Effect of gonadotropin-releasing hormone agonist treatment in Vietnamese children with central precocious puberty

Abstract

Gonadotropin-releasing hormone agonists (GnRHa) are generally indicated in central precocious puberty (CPP) patients. We aimed to analyze the auxological outcomes of GnRHa treatment on CPP children. A cross-sectional study with observational data were collected from 143 CPP patients who finished GnRHa therapy in Children Hospital 2, Vietnam. Anthropometry and sexual maturity rating were assessed after 6 months and each year of the therapy. The Bayley-Pinneau method was used to estimate the predicted adult height (PAH). The mean calendar age and bone age at the start of the treatment were 8.0 ± 0.7 years and 10.5 ± 0.1 years, respectively.

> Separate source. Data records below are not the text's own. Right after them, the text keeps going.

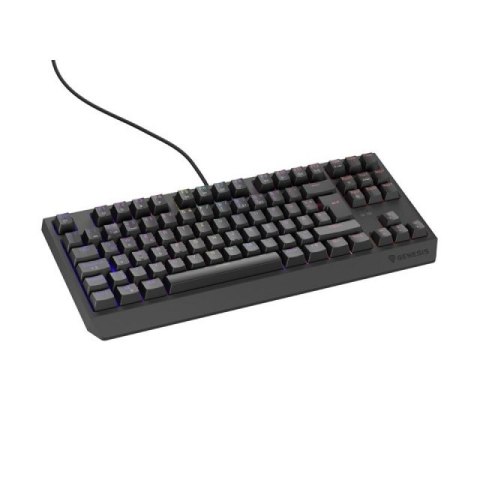KLAWIATURA DLA GRACZY GENESIS THOR 230 TKL DE RGB MECHANICZNA OUTEMU RED CZARNA HOT SWAP
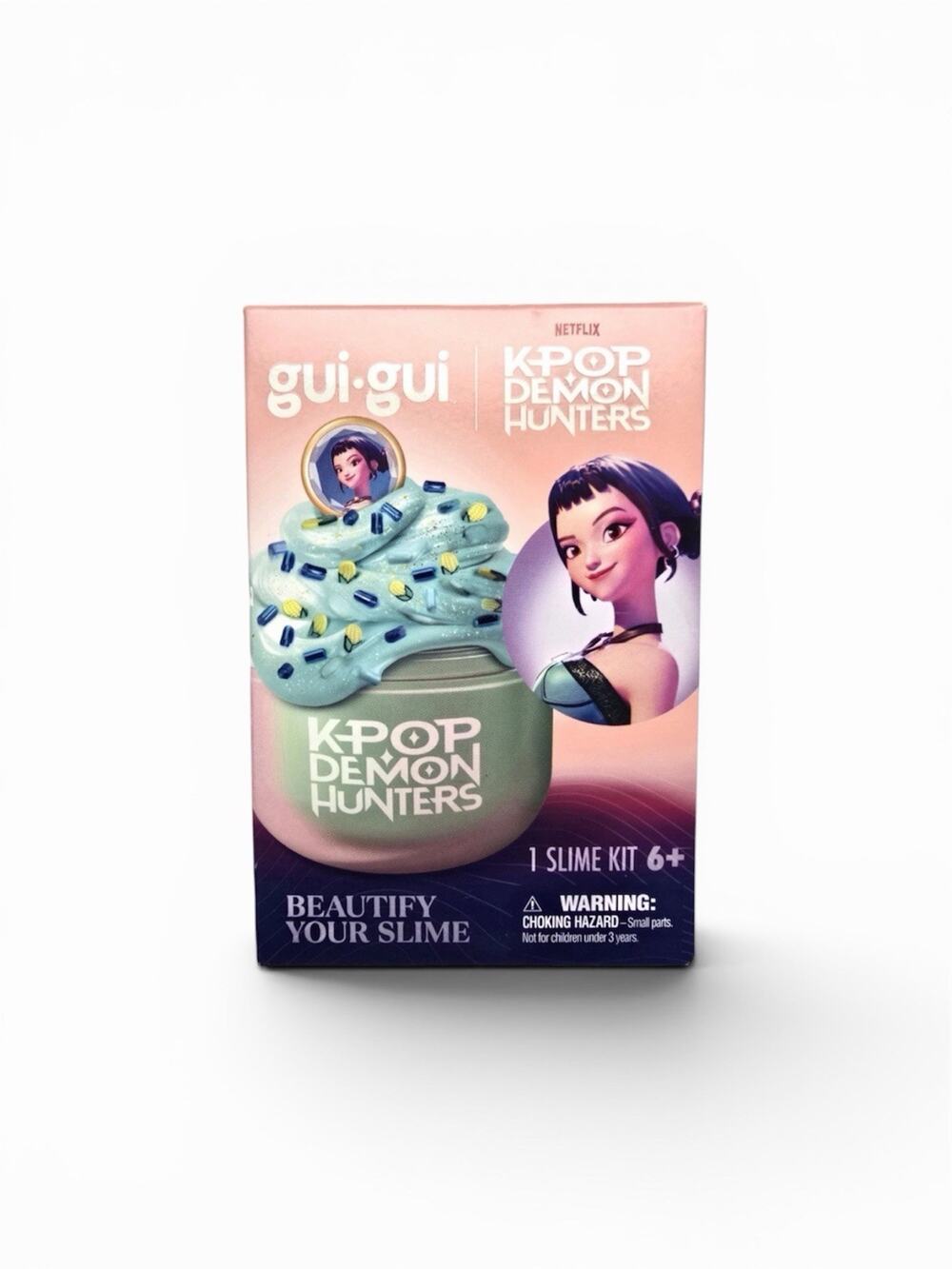 K-POP Demon Hunters Gui Gui Slime Kit - ZOEY Gloss Slime Viral Tiktok Netflix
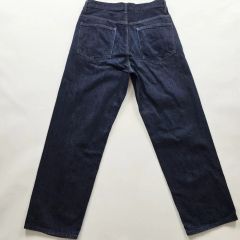 EVISUGENESデニムパンツ ボタンフライ インディゴ - メルカリ
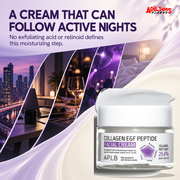 APLB Collagen EGF Peptide Facial Cream 55ml ad — Active-night companion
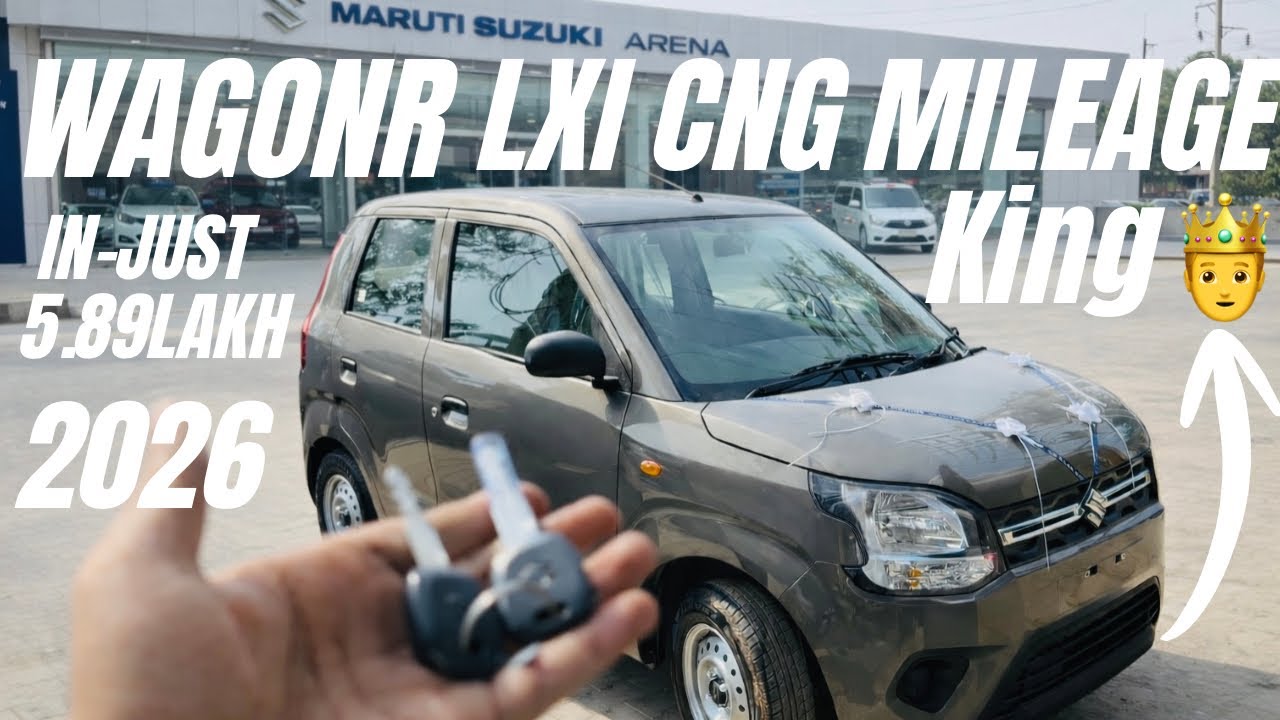 •“WagonR LXi CNG—Kya Yeh Sahi Choice Hai 2026 Me?”|#automobile #wagnor#maruti #viral #tahirgarage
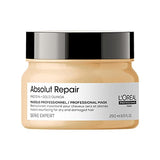 LOreal Professionnel Absolut Repair Hair Mask | Protein Treatment For Deep Nourishment | Hydrates, Repairs Damage & Adds Shine | For Dry & Damaged Hair | Medium to Thick Hair Types | 8.5 Fl. Oz.
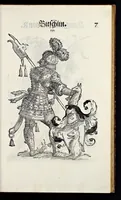 Picture 3 of 56 from Geschlechter Buch : darinn der loblichen kaiserlichẽ Reichs Statt Augspurg so vor fünffhundert vnd mehr Jaren hero, daselbst gewonet, vnd biss auff acht abgestorben auch deren so an der abgestorbnen stat eingenom̃en vnd erhöhet worden seyn : dessgleichen mit was Personen die Röm. Key. May. [et]c. am dritten Augusti im M.D.XLVIIII. Jare ain new Regiment von Raht vnd Gericht auch alle Empter besetzt hat : sampt aines jeden Geschlechts Wapen, Zeichen, Schilt vnd Helm, auch Ankunfft vnd Herkommen : alles mit künstlichen Figuren angezeigt, vnd allen Kunstliebhabern jetzt widerumb an Tag gegeben (1580), leaf 14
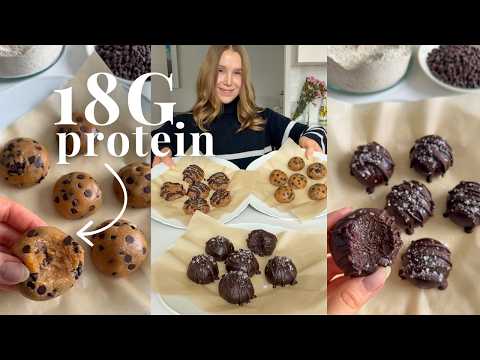 3 Protein Ball Recipes That Taste Like Dessert: Brownie, Cookie Dough & Banana Bread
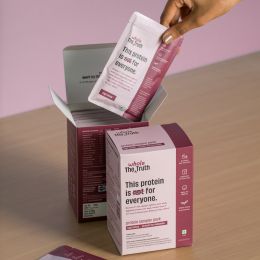The Whole Truth:  Protein For Everyone  Beginners Protein Powder  Ragi Cocoa Sample (Pack of 7)  15g Protein/Pack  Clean, Light & Easy to Digest  No Artifical Flavours (210g)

The mean treatment period was 2.4 ± 0.6 years. GnRHa led to the regression of pubertal symptoms after treatment. The pre-treatment PAH was 157.8 ± 0.6 cm (girls) and 172.3 ± 2.4 cm (boys). The PAH at treatment discontinuation (162.0 ± 0.5 cm in girls and 176.7 ± 2.3 cm in boys) was higher than the initial PAH (p<0.05). For girls with treatment before 6 years old, GnRHa results in a predicted average gain in adult height of 10.2 ± 3.2 cm, whereas the predicted height advancement in the 6-8 age group was 5.3 ± 0.7 cm. The predicted average height gain of girls aged over 8 years was 3.2 ± 0.6 cm. GnRHa therapy was effective for CPP treatment with the improvement of predicted final height. Predicted height advancement was still documented in females who started the treatment after 8 years old.